### WORK TASK
For this exercise, write out only the lines of the entries below from the one with "PSP-3000の基板修理時の写真" up to and including the one with "[XiuRen秀人网] 2025.08.13 No.10645", exactly as they are. Pictures stay out.
======== DATA LISTING
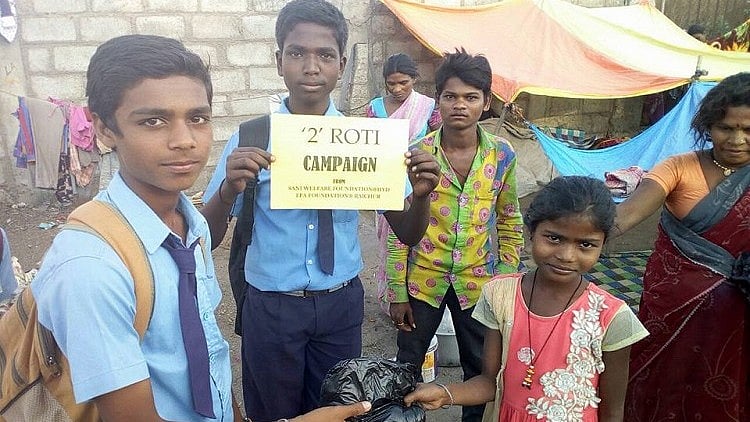 With the ‘Do Roti’ campaign, Azhar hopes that no poor person would go to sleep hungry anywhere in the country. (Photo Courtesy: Facebook/Azhar Maqsusi)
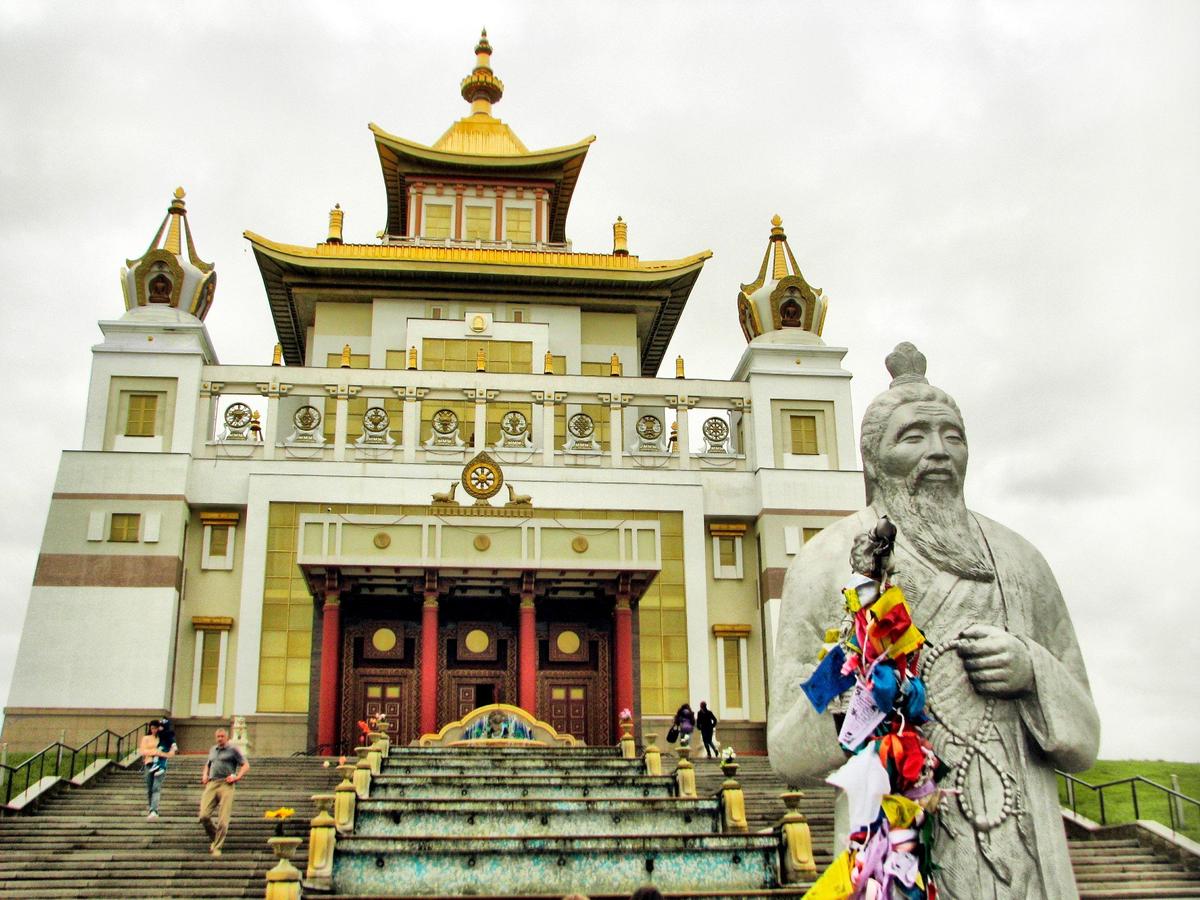Крупнейший буддийский храм в Европа «Золотая обитель Будды Шакьямуни». Фото: Wikimedia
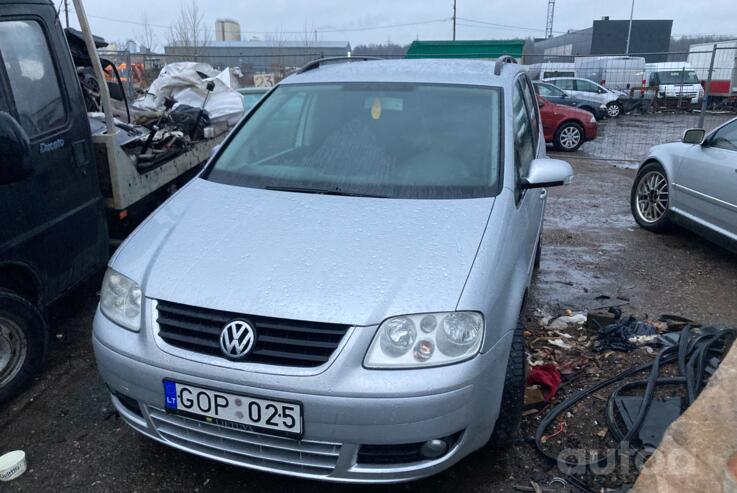 Volkswagen Touran 1 generation Minivan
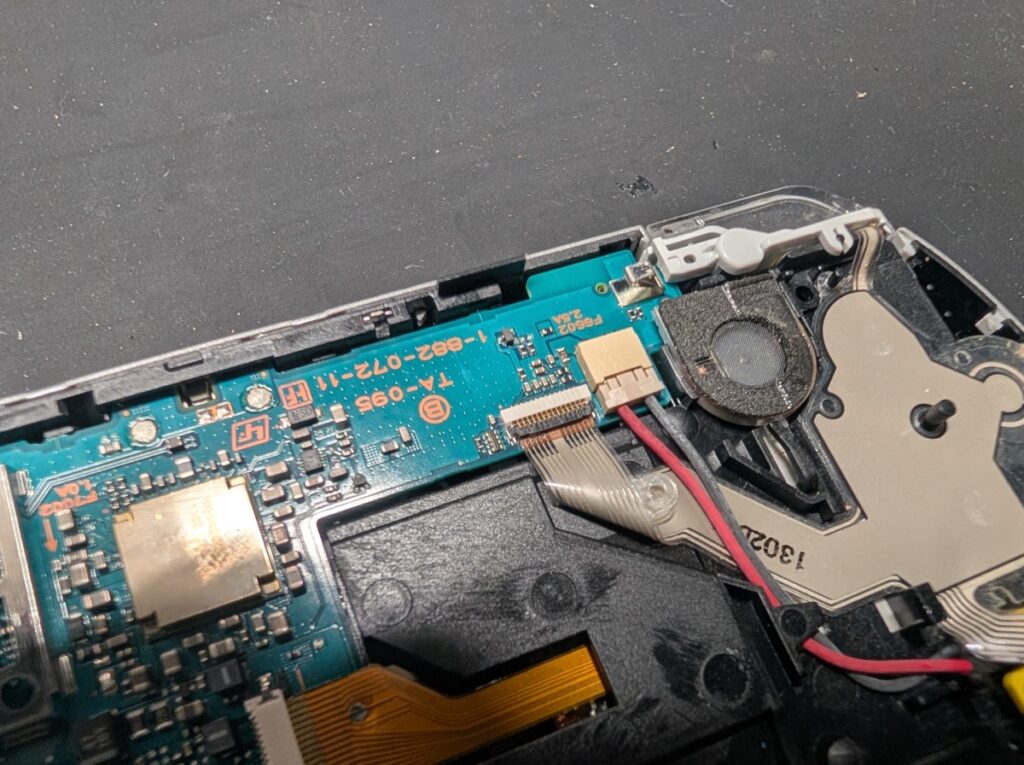 PSP-3000の基板修理時の写真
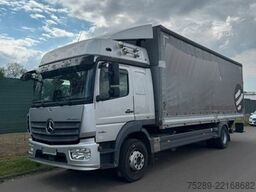 Autocarro con pianale e telone MERCEDES-BENZ Atego 1630 LBW Pritsche + Plane Schlafkabine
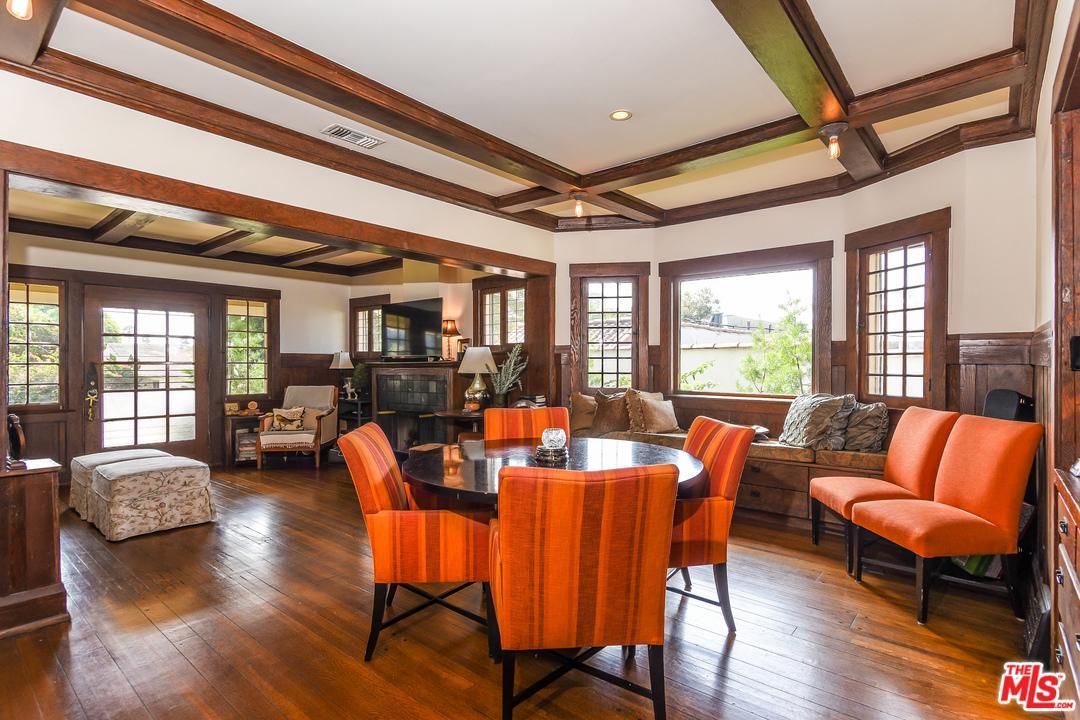 985 Hancock Avenue - Photo 1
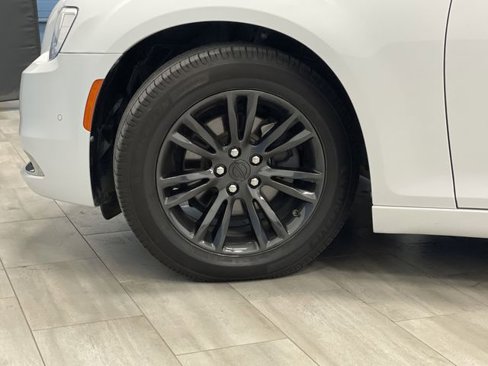 Used 2021 Chrysler 300 Touring L image 32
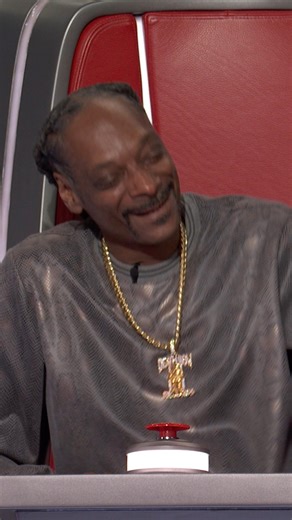 11M views · 229K reactions | Snoop Dogg's vibes are UNMATCHED.  Watch The Voice MONDAY 8/7c on NBC and streaming on Peacock. | The Voice | Facebook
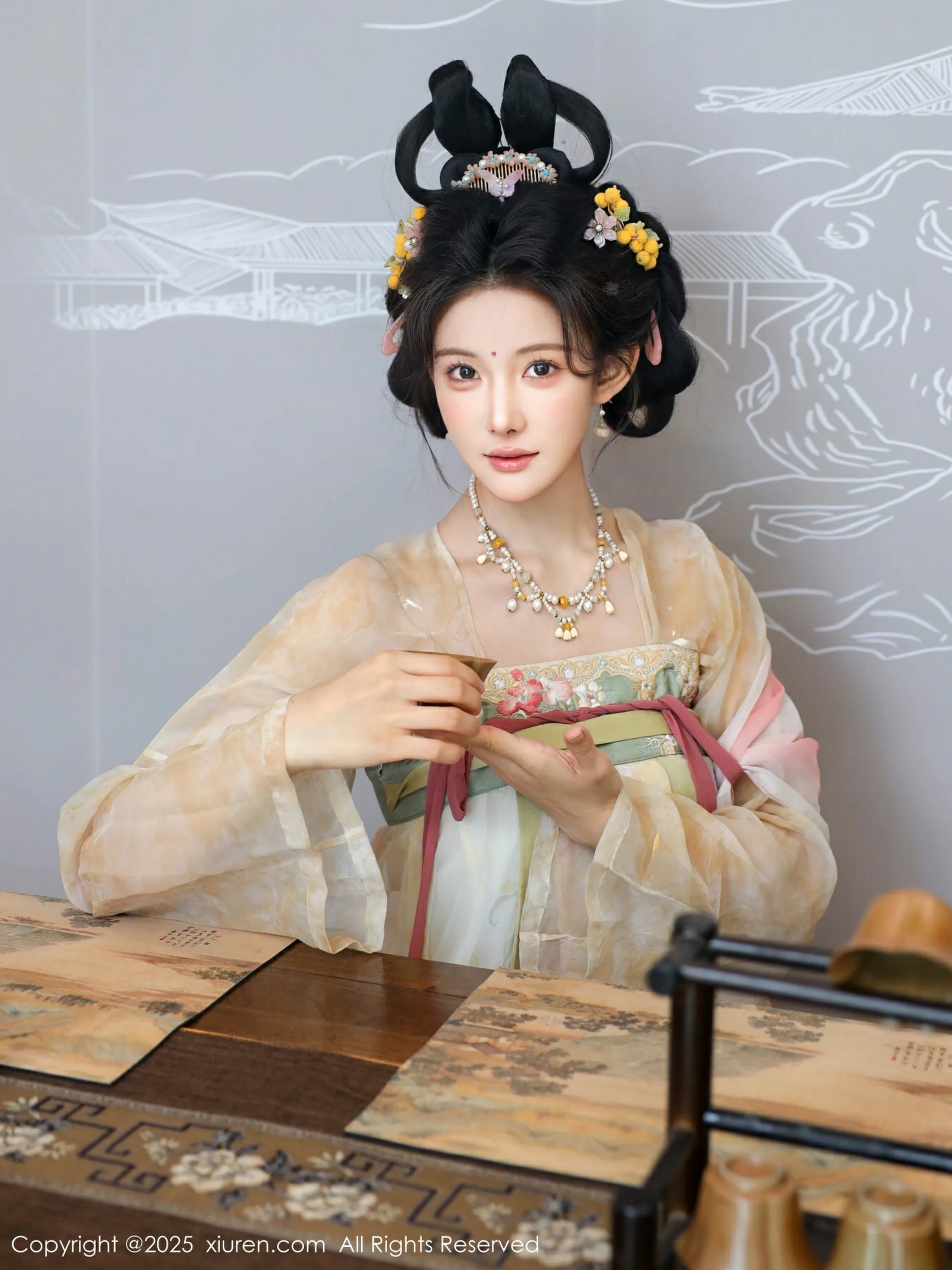 [XiuRen秀人网] 2025.08.13 No.10645 梨霜儿 浅色古装服饰 性感写真 [82+1P]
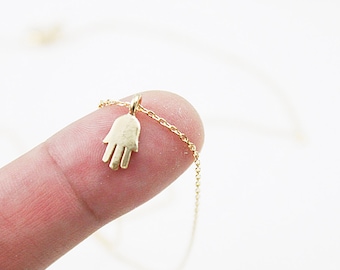 Tiny Hamsa Pendant Necklace Simple and Modern Everyday Necklace Dainty Necklace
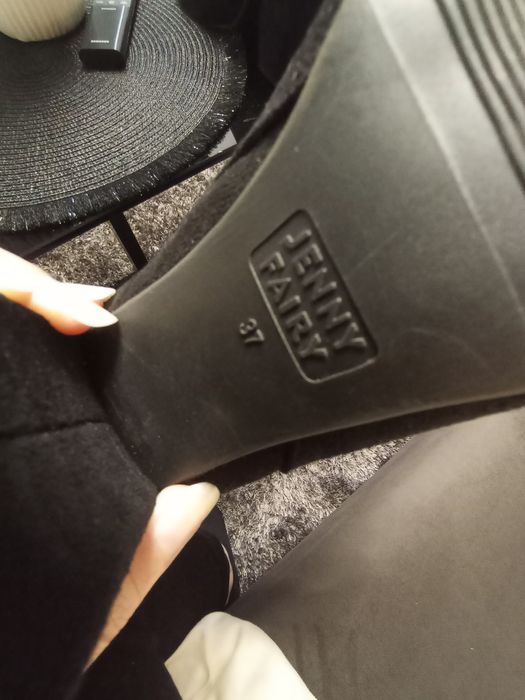 Велурени боти 37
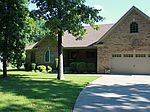 84 Wildwood Dr, Murray, KY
================
### ANSWER BELOW
 PSP-3000の基板修理時の写真
 Autocarro con pianale e telone MERCEDES-BENZ Atego 1630 LBW Pritsche + Plane Schlafkabine
 985 Hancock Avenue - Photo 1
 Used 2021 Chrysler 300 Touring L image 32
 11M views · 229K reactions | Snoop Dogg's vibes are UNMATCHED.  Watch The Voice MONDAY 8/7c on NBC and streaming on Peacock. | The Voice | Facebook
 [XiuRen秀人网] 2025.08.13 No.10645 梨霜儿 浅色古装服饰 性感写真 [82+1P]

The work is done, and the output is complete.